12-08-2019 12:53 PM - edited 12-08-2019 12:54 PM
Hi, dear HLS experts,
I have a hard time interpreting the following HLS results. I created a simple vector-matrix multiplication HLS code with an HLS pipeline pragma in the outer-loop as shown below. Also, I tried two different data types, i.e. one is float and the other one is ap_fixed<12,2>. Firstly, I expect the ap_fixed 12-bit version should have less resource area usage than the float version which is 32-bits.
However, the result is totally different. The float version only uses 10 DSPs under the same pipeline constraint. In addition, the latency is comparable to ap_fixed<12,2> design.
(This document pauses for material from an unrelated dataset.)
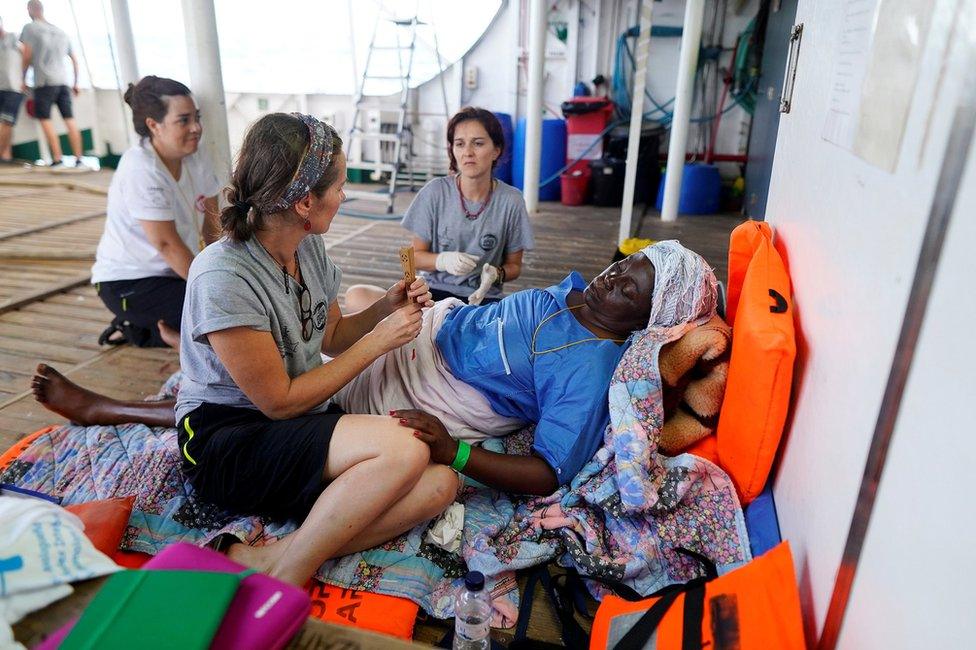 NGO Proactiva Open Arms members sit with Josepha from Cameroon onboard of NGO Proactiva Open Arms rescue boat in central Mediterranean Sea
For the pipeline constraint in the outer-loop, it should unroll the inner-loop for trip count 20. But I don't understand why the float version can only consume 10 DSPs.
Also, the floating-point multiplier should have many more cycles than a fixed-point multiplier. But the latency is almost the same i.e. 8000 cycles around.
I have so many questions in interpreting the results and need your guidance and discussion together. The VHLS version is 2017.02.
12-09-2019 03:51 AM
The performance is limited by the weights input array and the output array. Since these would be synthesized as memory interface, even though you pipeline, we can’t get the perfomance.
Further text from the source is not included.